## What to work on
Could you write out exactly, and only, the lines from the one containing "bill blass Jewelry" through the last line of the data, leaving out all pictures?

(Collected data begins)

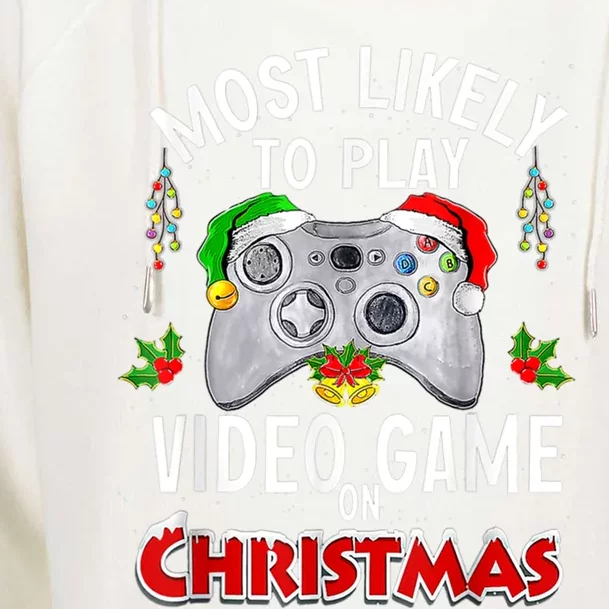 Most Likely To Play Video Games On Christmas Lights Funny Gift Womens Funnel Neck Pullover Hood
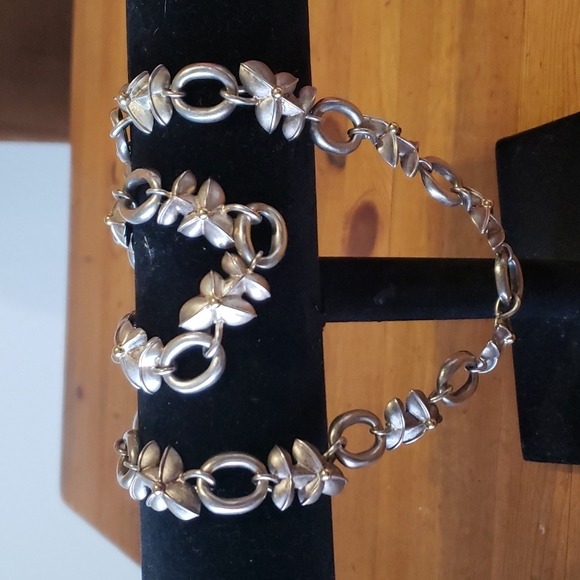 bill blass Jewelry - Bill Blass Sterling Silver/18k Lei Necklace 17.5"/Bracelet Set 3.78 Ounc…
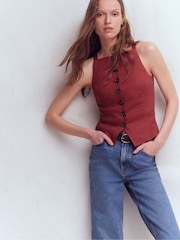 Boden Red Square Neck Strap Waistcoat - Image 6 of 7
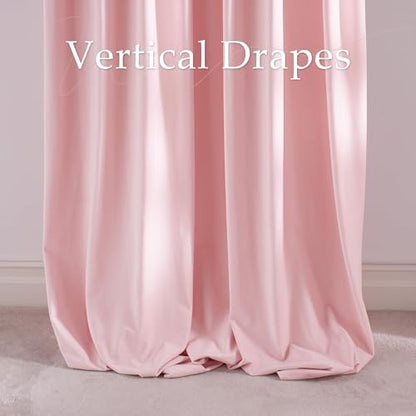 NICETOWN Baby Pink Velvet Room Darkening Curtains 96 inch Long - color: Baby Pink, size: 52"W x 96"L (Pack of 2)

(Collected data ends)

## Expected answer
 bill blass Jewelry - Bill Blass Sterling Silver/18k Lei Necklace 17.5"/Bracelet Set 3.78 Ounc…
 Boden Red Square Neck Strap Waistcoat - Image 6 of 7
 NICETOWN Baby Pink Velvet Room Darkening Curtains 96 inch Long - color: Baby Pink, size: 52"W x 96"L (Pack of 2)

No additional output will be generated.